▶ **SUPPLIED INFORMATION**
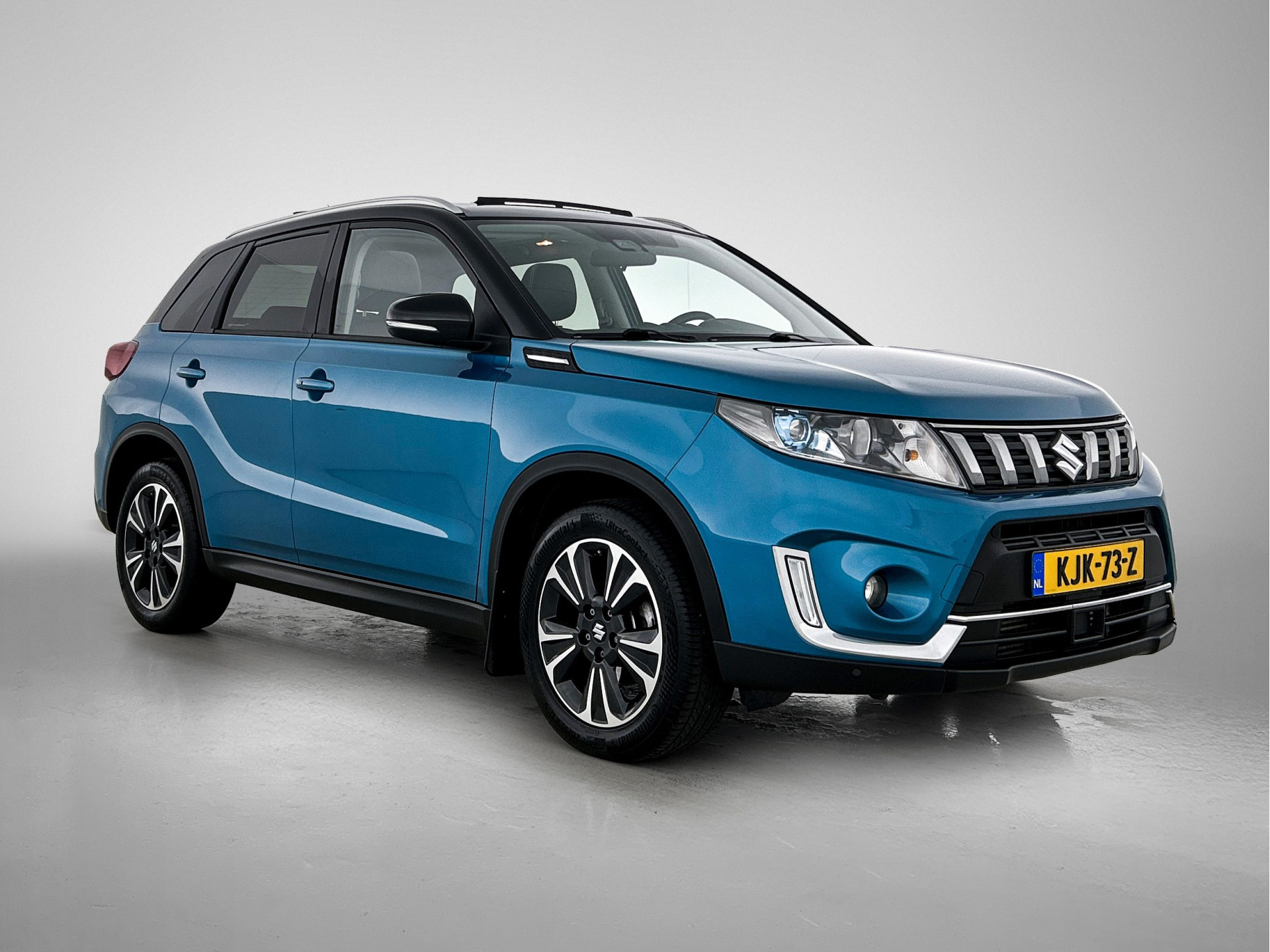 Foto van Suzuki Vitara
* * *
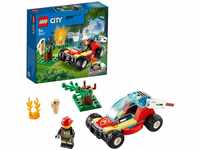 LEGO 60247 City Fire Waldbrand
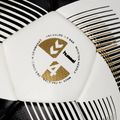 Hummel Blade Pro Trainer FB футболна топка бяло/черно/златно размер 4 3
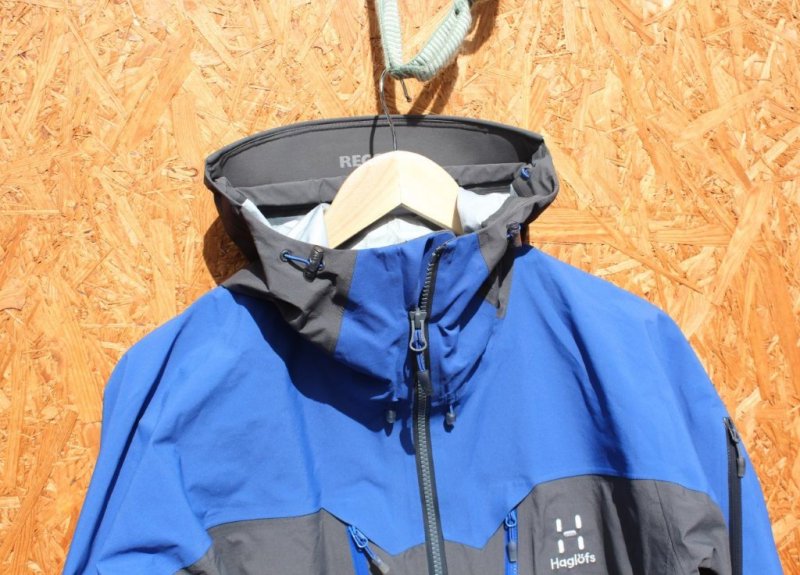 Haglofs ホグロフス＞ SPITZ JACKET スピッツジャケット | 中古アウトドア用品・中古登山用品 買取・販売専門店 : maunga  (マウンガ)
==
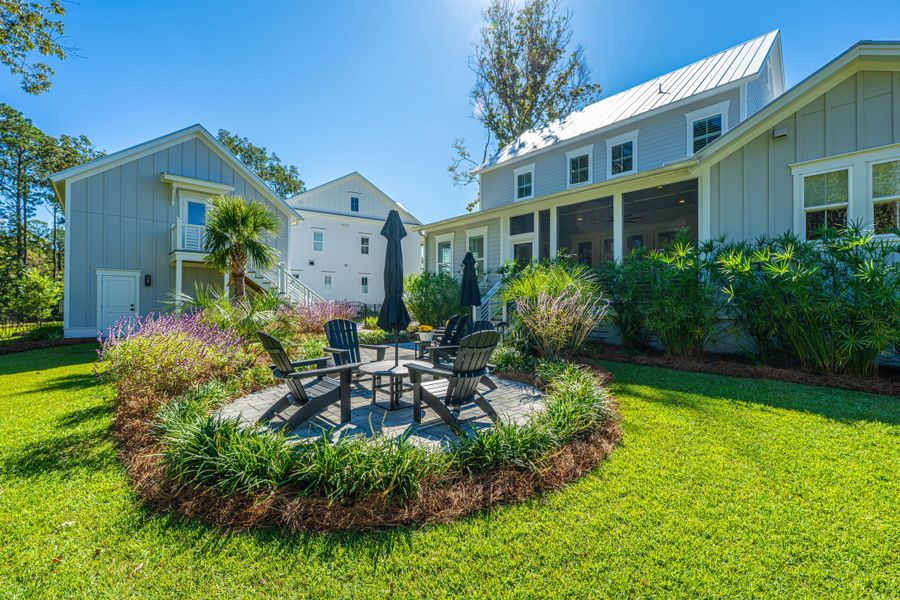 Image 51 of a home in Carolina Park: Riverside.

▶ **PROBLEM DESCRIPTION**
Please output the lines above beginning at the line with "LEGO 60247 City Fire Waldbrand" and ending after the line with "Haglofs ホグロフス＞ SPITZ", precisely as written and with no pictures.

▶ **RESPONSE TO THIS EXERCISE**
 LEGO 60247 City Fire Waldbrand
 Hummel Blade Pro Trainer FB футболна топка бяло/черно/златно размер 4 3
 Haglofs ホグロフス＞ SPITZ JACKET スピッツジャケット | 中古アウトドア用品・中古登山用品 買取・販売専門店 : maunga  (マウンガ)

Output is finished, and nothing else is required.